What is required:
The data below is to be set down again exactly as written.

Records provided:
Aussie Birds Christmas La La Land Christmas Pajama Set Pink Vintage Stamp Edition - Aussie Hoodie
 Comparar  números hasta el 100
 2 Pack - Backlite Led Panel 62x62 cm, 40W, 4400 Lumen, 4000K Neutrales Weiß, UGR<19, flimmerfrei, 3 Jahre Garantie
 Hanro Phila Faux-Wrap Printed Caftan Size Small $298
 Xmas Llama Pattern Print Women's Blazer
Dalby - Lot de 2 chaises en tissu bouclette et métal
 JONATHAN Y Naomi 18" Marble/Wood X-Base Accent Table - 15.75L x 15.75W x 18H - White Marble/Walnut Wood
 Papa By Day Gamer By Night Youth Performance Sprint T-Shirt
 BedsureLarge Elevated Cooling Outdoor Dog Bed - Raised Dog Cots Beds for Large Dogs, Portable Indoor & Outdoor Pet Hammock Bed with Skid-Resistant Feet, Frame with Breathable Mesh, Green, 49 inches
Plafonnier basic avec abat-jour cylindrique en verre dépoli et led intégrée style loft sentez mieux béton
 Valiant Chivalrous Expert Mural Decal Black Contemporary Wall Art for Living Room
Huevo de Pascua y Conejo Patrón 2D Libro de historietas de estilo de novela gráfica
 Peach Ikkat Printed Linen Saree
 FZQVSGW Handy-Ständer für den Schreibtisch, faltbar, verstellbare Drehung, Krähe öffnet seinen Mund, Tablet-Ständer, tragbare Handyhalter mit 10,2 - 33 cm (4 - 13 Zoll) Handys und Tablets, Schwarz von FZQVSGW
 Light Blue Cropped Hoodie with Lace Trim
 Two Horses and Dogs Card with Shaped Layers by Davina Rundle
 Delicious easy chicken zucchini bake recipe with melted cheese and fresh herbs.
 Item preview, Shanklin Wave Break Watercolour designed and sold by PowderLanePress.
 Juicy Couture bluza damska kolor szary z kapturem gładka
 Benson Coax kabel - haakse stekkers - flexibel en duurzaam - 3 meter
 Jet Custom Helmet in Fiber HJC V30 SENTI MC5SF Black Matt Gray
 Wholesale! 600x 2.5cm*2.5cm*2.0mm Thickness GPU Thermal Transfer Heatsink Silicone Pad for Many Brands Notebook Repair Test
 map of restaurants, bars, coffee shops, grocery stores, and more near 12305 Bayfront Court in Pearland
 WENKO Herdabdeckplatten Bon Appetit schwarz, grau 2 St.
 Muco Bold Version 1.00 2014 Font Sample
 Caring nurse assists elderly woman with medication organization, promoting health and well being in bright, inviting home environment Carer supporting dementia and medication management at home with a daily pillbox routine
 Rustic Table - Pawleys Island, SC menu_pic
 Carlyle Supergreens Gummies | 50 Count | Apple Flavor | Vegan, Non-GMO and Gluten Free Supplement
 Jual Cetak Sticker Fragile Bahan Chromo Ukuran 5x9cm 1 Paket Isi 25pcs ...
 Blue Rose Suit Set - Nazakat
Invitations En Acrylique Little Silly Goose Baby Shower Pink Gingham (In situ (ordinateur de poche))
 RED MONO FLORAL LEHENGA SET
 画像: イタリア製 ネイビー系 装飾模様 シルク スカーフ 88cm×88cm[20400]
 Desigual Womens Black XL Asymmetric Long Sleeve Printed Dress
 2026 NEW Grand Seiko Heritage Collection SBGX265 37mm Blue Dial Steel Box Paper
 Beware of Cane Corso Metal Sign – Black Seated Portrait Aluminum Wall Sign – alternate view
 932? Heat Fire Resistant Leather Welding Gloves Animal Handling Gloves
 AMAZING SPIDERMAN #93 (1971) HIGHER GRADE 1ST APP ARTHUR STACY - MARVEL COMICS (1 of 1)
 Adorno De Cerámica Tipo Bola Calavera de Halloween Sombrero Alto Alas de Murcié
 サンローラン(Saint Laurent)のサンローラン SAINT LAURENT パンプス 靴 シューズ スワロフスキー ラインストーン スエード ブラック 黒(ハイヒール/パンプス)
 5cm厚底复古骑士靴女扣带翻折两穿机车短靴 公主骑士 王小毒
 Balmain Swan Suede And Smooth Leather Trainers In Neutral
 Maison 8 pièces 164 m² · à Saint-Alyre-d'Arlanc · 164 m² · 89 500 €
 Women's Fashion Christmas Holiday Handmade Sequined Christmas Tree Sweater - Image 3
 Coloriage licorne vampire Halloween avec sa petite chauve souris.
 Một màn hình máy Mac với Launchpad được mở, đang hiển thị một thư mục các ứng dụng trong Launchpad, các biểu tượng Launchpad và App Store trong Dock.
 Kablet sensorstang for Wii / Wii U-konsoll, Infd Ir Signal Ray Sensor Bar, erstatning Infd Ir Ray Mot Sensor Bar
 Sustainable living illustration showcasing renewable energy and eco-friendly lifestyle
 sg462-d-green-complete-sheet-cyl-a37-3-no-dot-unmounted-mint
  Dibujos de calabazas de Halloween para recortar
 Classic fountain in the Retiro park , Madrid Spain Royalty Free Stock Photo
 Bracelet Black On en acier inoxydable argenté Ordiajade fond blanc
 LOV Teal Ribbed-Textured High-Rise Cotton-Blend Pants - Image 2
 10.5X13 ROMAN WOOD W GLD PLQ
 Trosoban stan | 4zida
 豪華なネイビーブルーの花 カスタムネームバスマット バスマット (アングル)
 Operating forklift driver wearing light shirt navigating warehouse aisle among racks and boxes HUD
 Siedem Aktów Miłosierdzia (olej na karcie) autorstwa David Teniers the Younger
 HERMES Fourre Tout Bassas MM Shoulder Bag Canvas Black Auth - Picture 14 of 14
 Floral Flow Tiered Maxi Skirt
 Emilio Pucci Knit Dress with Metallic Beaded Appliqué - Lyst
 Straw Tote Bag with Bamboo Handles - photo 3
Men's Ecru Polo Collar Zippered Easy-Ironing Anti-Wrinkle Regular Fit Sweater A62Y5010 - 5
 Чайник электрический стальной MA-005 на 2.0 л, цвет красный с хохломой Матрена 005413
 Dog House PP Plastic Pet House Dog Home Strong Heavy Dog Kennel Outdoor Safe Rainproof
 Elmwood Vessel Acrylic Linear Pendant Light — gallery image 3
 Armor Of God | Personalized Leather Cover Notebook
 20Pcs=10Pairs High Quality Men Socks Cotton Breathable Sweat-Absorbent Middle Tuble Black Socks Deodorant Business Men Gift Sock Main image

Answer section:
Aussie Birds Christmas La La Land Christmas Pajama Set Pink Vintage Stamp Edition - Aussie Hoodie
 Comparar  números hasta el 100
 2 Pack - Backlite Led Panel 62x62 cm, 40W, 4400 Lumen, 4000K Neutrales Weiß, UGR<19, flimmerfrei, 3 Jahre Garantie
 Hanro Phila Faux-Wrap Printed Caftan Size Small $298
 Xmas Llama Pattern Print Women's Blazer
Dalby - Lot de 2 chaises en tissu bouclette et métal
 JONATHAN Y Naomi 18" Marble/Wood X-Base Accent Table - 15.75L x 15.75W x 18H - White Marble/Walnut Wood
 Papa By Day Gamer By Night Youth Performance Sprint T-Shirt
 BedsureLarge Elevated Cooling Outdoor Dog Bed - Raised Dog Cots Beds for Large Dogs, Portable Indoor & Outdoor Pet Hammock Bed with Skid-Resistant Feet, Frame with Breathable Mesh, Green, 49 inches
Plafonnier basic avec abat-jour cylindrique en verre dépoli et led intégrée style loft sentez mieux béton
 Valiant Chivalrous Expert Mural Decal Black Contemporary Wall Art for Living Room
Huevo de Pascua y Conejo Patrón 2D Libro de historietas de estilo de novela gráfica
 Peach Ikkat Printed Linen Saree
 FZQVSGW Handy-Ständer für den Schreibtisch, faltbar, verstellbare Drehung, Krähe öffnet seinen Mund, Tablet-Ständer, tragbare Handyhalter mit 10,2 - 33 cm (4 - 13 Zoll) Handys und Tablets, Schwarz von FZQVSGW
 Light Blue Cropped Hoodie with Lace Trim
 Two Horses and Dogs Card with Shaped Layers by Davina Rundle
 Delicious easy chicken zucchini bake recipe with melted cheese and fresh herbs.
 Item preview, Shanklin Wave Break Watercolour designed and sold by PowderLanePress.
 Juicy Couture bluza damska kolor szary z kapturem gładka
 Benson Coax kabel - haakse stekkers - flexibel en duurzaam - 3 meter
 Jet Custom Helmet in Fiber HJC V30 SENTI MC5SF Black Matt Gray
 Wholesale! 600x 2.5cm*2.5cm*2.0mm Thickness GPU Thermal Transfer Heatsink Silicone Pad for Many Brands Notebook Repair Test
 map of restaurants, bars, coffee shops, grocery stores, and more near 12305 Bayfront Court in Pearland
 WENKO Herdabdeckplatten Bon Appetit schwarz, grau 2 St.
 Muco Bold Version 1.00 2014 Font Sample
 Caring nurse assists elderly woman with medication organization, promoting health and well being in bright, inviting home environment Carer supporting dementia and medication management at home with a daily pillbox routine
 Rustic Table - Pawleys Island, SC menu_pic
 Carlyle Supergreens Gummies | 50 Count | Apple Flavor | Vegan, Non-GMO and Gluten Free Supplement
 Jual Cetak Sticker Fragile Bahan Chromo Ukuran 5x9cm 1 Paket Isi 25pcs ...
 Blue Rose Suit Set - Nazakat
Invitations En Acrylique Little Silly Goose Baby Shower Pink Gingham (In situ (ordinateur de poche))
 RED MONO FLORAL LEHENGA SET
 画像: イタリア製 ネイビー系 装飾模様 シルク スカーフ 88cm×88cm[20400]
 Desigual Womens Black XL Asymmetric Long Sleeve Printed Dress
 2026 NEW Grand Seiko Heritage Collection SBGX265 37mm Blue Dial Steel Box Paper
 Beware of Cane Corso Metal Sign – Black Seated Portrait Aluminum Wall Sign – alternate view
 932? Heat Fire Resistant Leather Welding Gloves Animal Handling Gloves
 AMAZING SPIDERMAN #93 (1971) HIGHER GRADE 1ST APP ARTHUR STACY - MARVEL COMICS (1 of 1)
 Adorno De Cerámica Tipo Bola Calavera de Halloween Sombrero Alto Alas de Murcié
 サンローラン(Saint Laurent)のサンローラン SAINT LAURENT パンプス 靴 シューズ スワロフスキー ラインストーン スエード ブラック 黒(ハイヒール/パンプス)
 5cm厚底复古骑士靴女扣带翻折两穿机车短靴 公主骑士 王小毒
 Balmain Swan Suede And Smooth Leather Trainers In Neutral
 Maison 8 pièces 164 m² · à Saint-Alyre-d'Arlanc · 164 m² · 89 500 €
 Women's Fashion Christmas Holiday Handmade Sequined Christmas Tree Sweater - Image 3
 Coloriage licorne vampire Halloween avec sa petite chauve souris.
 Một màn hình máy Mac với Launchpad được mở, đang hiển thị một thư mục các ứng dụng trong Launchpad, các biểu tượng Launchpad và App Store trong Dock.
 Kablet sensorstang for Wii / Wii U-konsoll, Infd Ir Signal Ray Sensor Bar, erstatning Infd Ir Ray Mot Sensor Bar
 Sustainable living illustration showcasing renewable energy and eco-friendly lifestyle
 sg462-d-green-complete-sheet-cyl-a37-3-no-dot-unmounted-mint
  Dibujos de calabazas de Halloween para recortar
 Classic fountain in the Retiro park , Madrid Spain Royalty Free Stock Photo
 Bracelet Black On en acier inoxydable argenté Ordiajade fond blanc
 LOV Teal Ribbed-Textured High-Rise Cotton-Blend Pants - Image 2
 10.5X13 ROMAN WOOD W GLD PLQ
 Trosoban stan | 4zida
 豪華なネイビーブルーの花 カスタムネームバスマット バスマット (アングル)
 Operating forklift driver wearing light shirt navigating warehouse aisle among racks and boxes HUD
 Siedem Aktów Miłosierdzia (olej na karcie) autorstwa David Teniers the Younger
 HERMES Fourre Tout Bassas MM Shoulder Bag Canvas Black Auth - Picture 14 of 14
 Floral Flow Tiered Maxi Skirt
 Emilio Pucci Knit Dress with Metallic Beaded Appliqué - Lyst
 Straw Tote Bag with Bamboo Handles - photo 3
Men's Ecru Polo Collar Zippered Easy-Ironing Anti-Wrinkle Regular Fit Sweater A62Y5010 - 5
 Чайник электрический стальной MA-005 на 2.0 л, цвет красный с хохломой Матрена 005413
 Dog House PP Plastic Pet House Dog Home Strong Heavy Dog Kennel Outdoor Safe Rainproof
 Elmwood Vessel Acrylic Linear Pendant Light — gallery image 3
 Armor Of God | Personalized Leather Cover Notebook
 20Pcs=10Pairs High Quality Men Socks Cotton Breathable Sweat-Absorbent Middle Tuble Black Socks Deodorant Business Men Gift Sock Main image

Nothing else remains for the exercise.